Questo fenomeno non coinvolge solamente i grandi musei o i principali monumenti delle nostre città, ma anche le architetture minori: negozi, bar, locali, abitazioni. Tra i settori che hanno individuato le potenzialità introdotte dalla fotografia 2.0, dobbiamo menzionare il mondo della moda che ha saputo, con grande efficienza, monetizzare in termini pubblicitari il binomio esperienza=condivisione, progettando, all’interno dei nuovi negozi, degli spazi esperienziali, dove il cliente è costantemente invitato a interagire con l’ambiente che lo circonda. Questi nuovi flagship store, che vedono la collaborazione dei più importanti architetti internazionali – come Rem Koolhaas per Prada, David Chipperfield per Valentino, Norman Foster per Apple – sono luoghi in cui l’estetica del prodotto tende a sovrapporsi a quella dell’edificio in un continuum tra design, spazio e rappresentazione: se l’oggetto che si vende è caratterizzato da leggerezza e trasparenza, anche l’ambiente evocherà le medesime sensazioni, unificando l’atmosfera dell’architettura al design del prodotto. L’utente che passeggia all’interno del negozio è invitato a fotografare e a ri-fotografarsi, diffondendo le immagini sui social, facendosi partecipe del meccanismo di auto-pubblicizzazione del brand e contribuendo alla crescita economica del marchio.

Rem Koolhaas, Rotterdam
Norman Foster, Sky Garden, Londra

Assistiamo, dunque, da un lato ad una iper-virtualizzazione del reale, dove ogni architettura è fotografata e rimessa in circolo nel sistema di comunicazione di massa, dall’altro a una materializzazione del virtuale, nel momento in cui le fotografie e le immagini influenzano il modo con cui ci relazioniamo e comportiamo all’interno dello spazio fisico. La fotografia è dunque passata dall’essere uno strumento subalterno – di rappresentazione e narrazione dell’edificio – a essere uno strumento determinante, capace, non solo di condizionare la percezione, le forme e i linguaggi, ma anche di influenzare le attività economiche a essa collegate, interconnettendo edificio e utente in un mercato d’interazioni globali.

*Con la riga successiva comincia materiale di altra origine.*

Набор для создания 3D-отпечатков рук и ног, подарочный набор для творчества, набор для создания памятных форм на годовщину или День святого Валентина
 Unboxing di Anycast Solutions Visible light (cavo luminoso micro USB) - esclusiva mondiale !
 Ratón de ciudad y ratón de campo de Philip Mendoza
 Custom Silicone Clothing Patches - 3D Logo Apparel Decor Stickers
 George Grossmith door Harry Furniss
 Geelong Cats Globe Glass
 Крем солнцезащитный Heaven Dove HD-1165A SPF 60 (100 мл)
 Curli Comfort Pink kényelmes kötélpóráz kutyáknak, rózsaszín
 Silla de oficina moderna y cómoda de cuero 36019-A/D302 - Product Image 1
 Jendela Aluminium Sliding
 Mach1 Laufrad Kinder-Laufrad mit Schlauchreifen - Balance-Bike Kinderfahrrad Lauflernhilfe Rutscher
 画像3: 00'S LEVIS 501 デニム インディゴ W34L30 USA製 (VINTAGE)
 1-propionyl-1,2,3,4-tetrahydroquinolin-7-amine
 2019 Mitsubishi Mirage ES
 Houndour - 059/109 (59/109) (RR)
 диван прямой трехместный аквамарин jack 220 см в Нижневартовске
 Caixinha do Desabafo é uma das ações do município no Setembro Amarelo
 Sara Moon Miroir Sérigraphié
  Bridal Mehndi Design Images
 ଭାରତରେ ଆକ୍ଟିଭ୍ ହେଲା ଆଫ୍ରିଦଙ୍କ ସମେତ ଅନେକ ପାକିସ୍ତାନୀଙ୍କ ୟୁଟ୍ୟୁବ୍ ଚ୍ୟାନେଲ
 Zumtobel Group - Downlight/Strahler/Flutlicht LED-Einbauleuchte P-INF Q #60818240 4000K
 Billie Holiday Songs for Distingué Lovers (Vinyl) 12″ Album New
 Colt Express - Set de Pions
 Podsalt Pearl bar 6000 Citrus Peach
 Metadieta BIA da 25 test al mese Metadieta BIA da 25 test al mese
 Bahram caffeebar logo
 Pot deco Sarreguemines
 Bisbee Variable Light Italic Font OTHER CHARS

Attraverso il sistema di comunicazione 2.0, la fotografia è diventata parte integrante dell’esperienza estetica, una nuova “forma simbolica” capace di alterare la fruizione e la produzione dell’architettura stessa. Anche se spegniamo lo smartphone e ci godiamo il paesaggio reale, l’influenza che la tecnologia esercita quotidianamente sulle nostre vite non cambierà. Nello stesso modo dobbiamo ricordarci che ogni architettura non è più esclusivamente un oggetto fisico con delle funzioni legate unicamente al suo utilizzo, ma anche un bene di consumo capace di generare una propria economia in base alla fotogenia delle sue forme. Il risultato è un edificio-icona, merce spendibile, come figurina, nell’immenso bazar delle immagini.